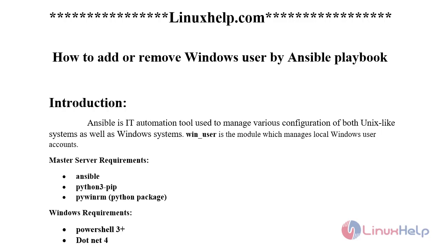Welcome to linuxhelp.com. Today we will see how to add or remove Windows user by Ansible Playbook. Ansible is an IT automation tool used to manage various configuration of both Unix-like systems as well as Windows systems.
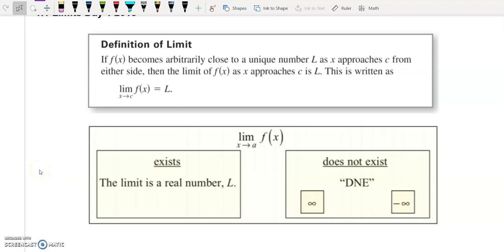Hi everyone and welcome to this video where we're going to talk about limits, and specifically limits when they don't exist. In addition, we'll talk about some limit properties. Just a little reminder about the definition of a limit: if f of x becomes arbitrarily close to a specific value, we say that the limit approaches that specific value L. This is fairly straightforward until we run into situations where the graph isn't approaching a specific value.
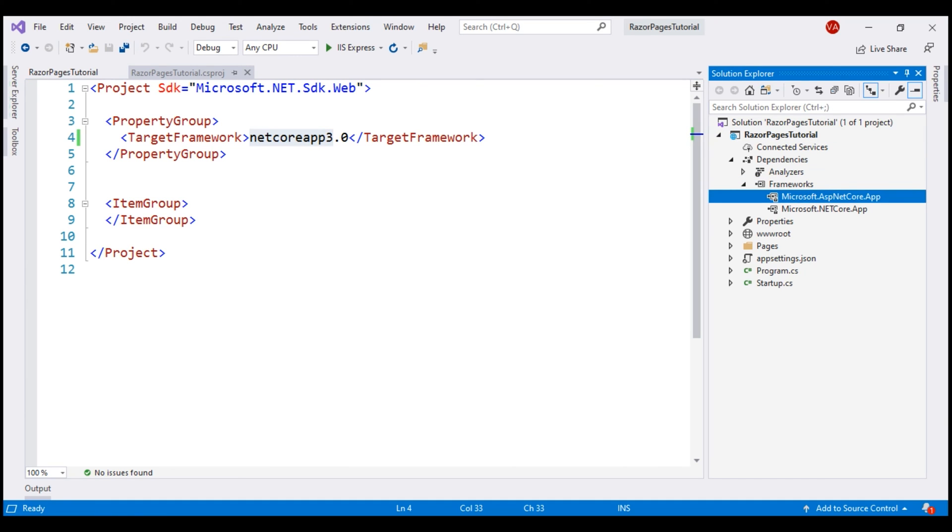This meta package has no content of its own. It's a list of other packages. In .NET Core 3.0, some of the packages are removed from this meta package. For example, the packages that provide social logins like Google, Facebook, Twitter etc are removed. Similarly, Entity Framework Core package is also removed.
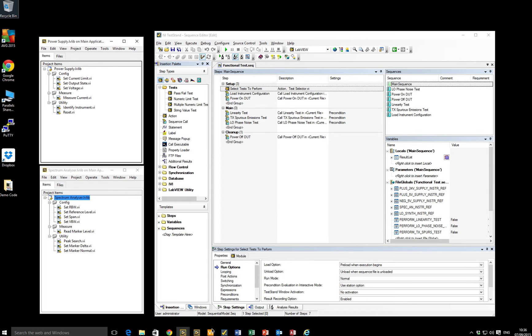This is the second video to accompany my NI Week 2015 presentation, Don't Panic: A LabVIEW Developer's Guide to Test Stand, Technical Session 6421. So this video is entitled Test Stand is Amazing.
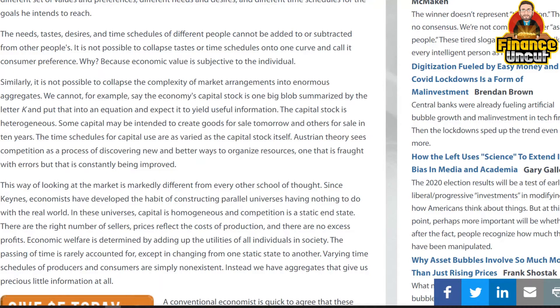We cannot, for example, say the economy's capital stock is one big blob summarized by the letter K, put that into an equation, and expect it to yield useful information. The capital stock is heterogeneous — simply meaning it's made up of different things. Some capital may be intended to create goods for sale tomorrow, others for sale in ten years. The time schedules for capital use are as varied as the capital stock itself.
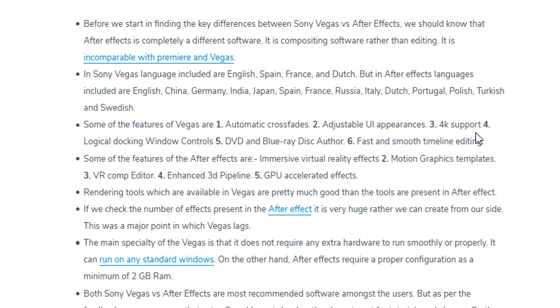Before we get into the key differences between Vegas Pro and After Effects, we should know that After Effects is a completely different type of software. It is a compositing software rather than an editing software, and it is incomparable with Premiere and Vegas in that sense.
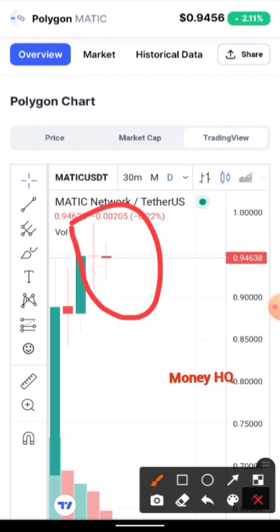Invest only what you can afford to lose, and invest wisely. Cryptocurrency trading is very volatile and very risky. Currently, Polygon Matic has 336,000 holders.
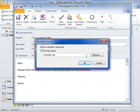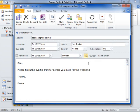To clear the reminder, deselect the Reminder checkbox. Click Save and Close.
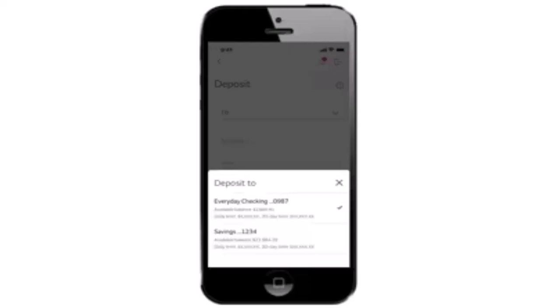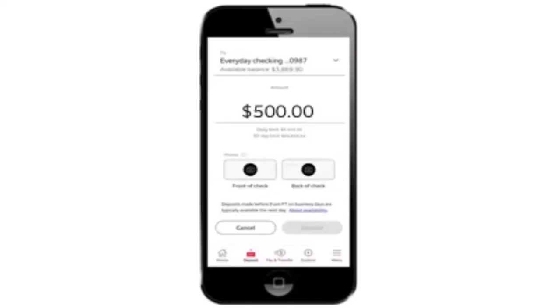Once you've done that, you'll need to select which account you're actually making your deposit to. After that, go through all of the information that you've provided. If you're sure about the information, click on the Submit button.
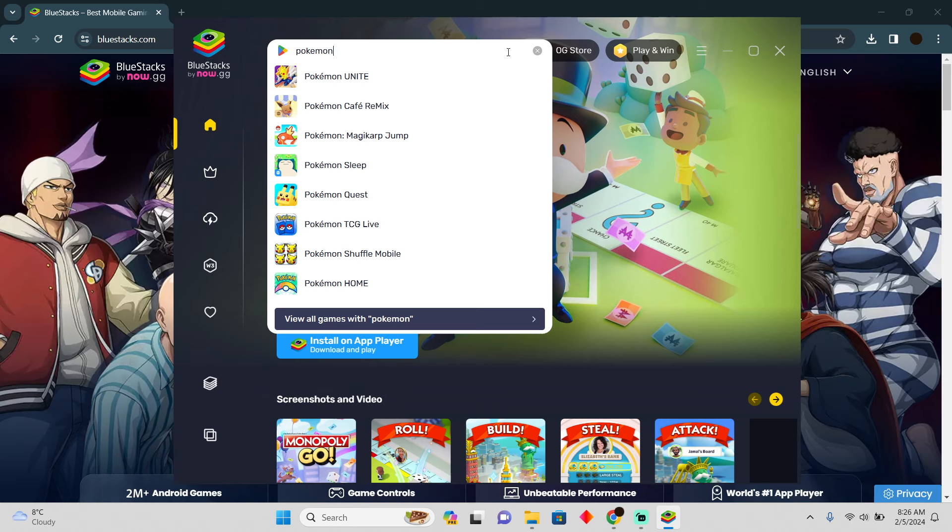But back in the days, BlueStacks had official access to Pokemon Go. It gives you virtual location in order to play Pokemon Go.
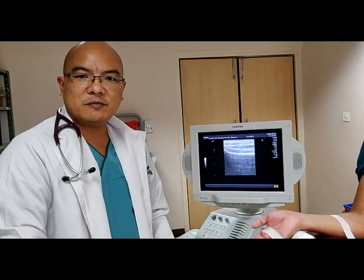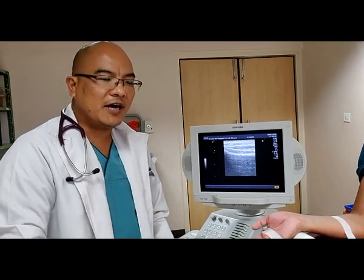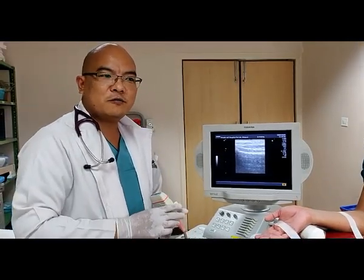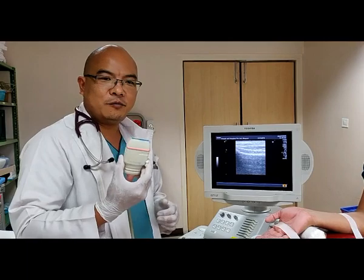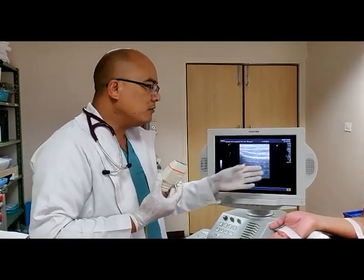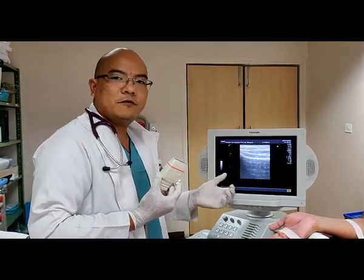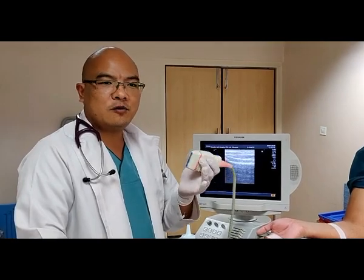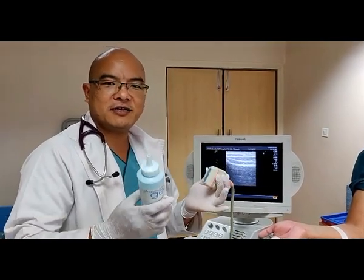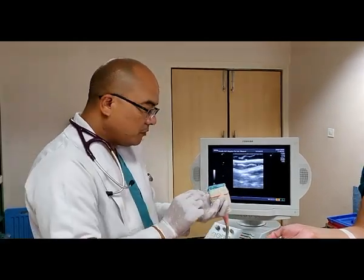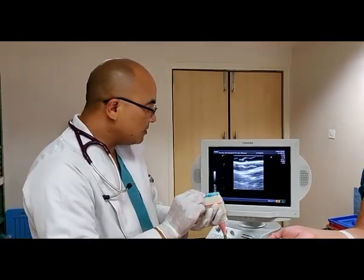Ultrasound is one of the best methods to identify the artery. For the ultrasound, we need a linear probe, and we have to adjust our view. We have to hold our probe with the pen-holding technique, apply gel, and orient our position.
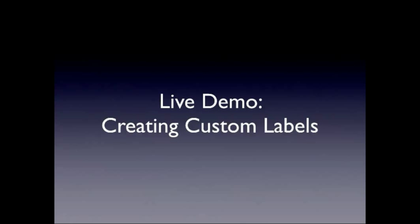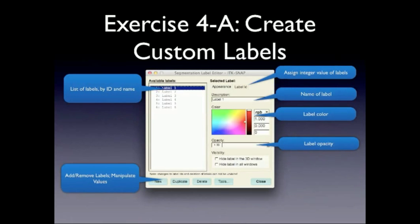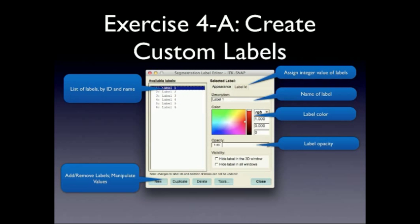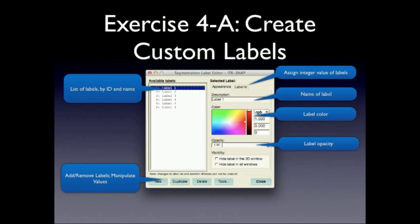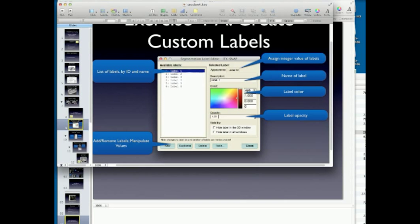So I'll go through a live demo of how to actually create these, but let me just show you. This is the window that we use for the exercise. And Paul already showed this, but I'll go into more detail. So first you have the list of labels by the ID and the name. So that's the integer value, the color, and the description of the label. The buttons at the bottom control adding new labels, copying them, deleting them. Label ID is the integer value. The description is the name of the label. The color just lets you change the color of the label, and opacity is how opaque or transparent it is. So we'll go through a live demo of this, and then you can do the exercise.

-*-*-

The images are to be left out while the entries are written out exactly.

• Expected answer:
Welcome to linuxhelp.com. Today we will see how to add or remove Windows user by Ansible Playbook. Ansible is an IT automation tool used to manage various configuration of both Unix-like systems as well as Windows systems.
Hi everyone and welcome to this video where we're going to talk about limits, and specifically limits when they don't exist. In addition, we'll talk about some limit properties. Just a little reminder about the definition of a limit: if f of x becomes arbitrarily close to a specific value, we say that the limit approaches that specific value L. This is fairly straightforward until we run into situations where the graph isn't approaching a specific value.
This meta package has no content of its own. It's a list of other packages. In .NET Core 3.0, some of the packages are removed from this meta package. For example, the packages that provide social logins like Google, Facebook, Twitter etc are removed. Similarly, Entity Framework Core package is also removed.
This is the second video to accompany my NI Week 2015 presentation, Don't Panic: A LabVIEW Developer's Guide to Test Stand, Technical Session 6421. So this video is entitled Test Stand is Amazing.
We cannot, for example, say the economy's capital stock is one big blob summarized by the letter K, put that into an equation, and expect it to yield useful information. The capital stock is heterogeneous — simply meaning it's made up of different things. Some capital may be intended to create goods for sale tomorrow, others for sale in ten years. The time schedules for capital use are as varied as the capital stock itself.
Before we get into the key differences between Vegas Pro and After Effects, we should know that After Effects is a completely different type of software. It is a compositing software rather than an editing software, and it is incomparable with Premiere and Vegas in that sense.
Invest only what you can afford to lose, and invest wisely. Cryptocurrency trading is very volatile and very risky. Currently, Polygon Matic has 336,000 holders.
To clear the reminder, deselect the Reminder checkbox. Click Save and Close.
Once you've done that, you'll need to select which account you're actually making your deposit to. After that, go through all of the information that you've provided. If you're sure about the information, click on the Submit button.
But back in the days, BlueStacks had official access to Pokemon Go. It gives you virtual location in order to play Pokemon Go.
Ultrasound is one of the best methods to identify the artery. For the ultrasound, we need a linear probe, and we have to adjust our view. We have to hold our probe with the pen-holding technique, apply gel, and orient our position.
So I'll go through a live demo of how to actually create these, but let me just show you. This is the window that we use for the exercise. And Paul already showed this, but I'll go into more detail. So first you have the list of labels by the ID and the name. So that's the integer value, the color, and the description of the label. The buttons at the bottom control adding new labels, copying them, deleting them. Label ID is the integer value. The description is the name of the label. The color just lets you change the color of the label, and opacity is how opaque or transparent it is. So we'll go through a live demo of this, and then you can do the exercise.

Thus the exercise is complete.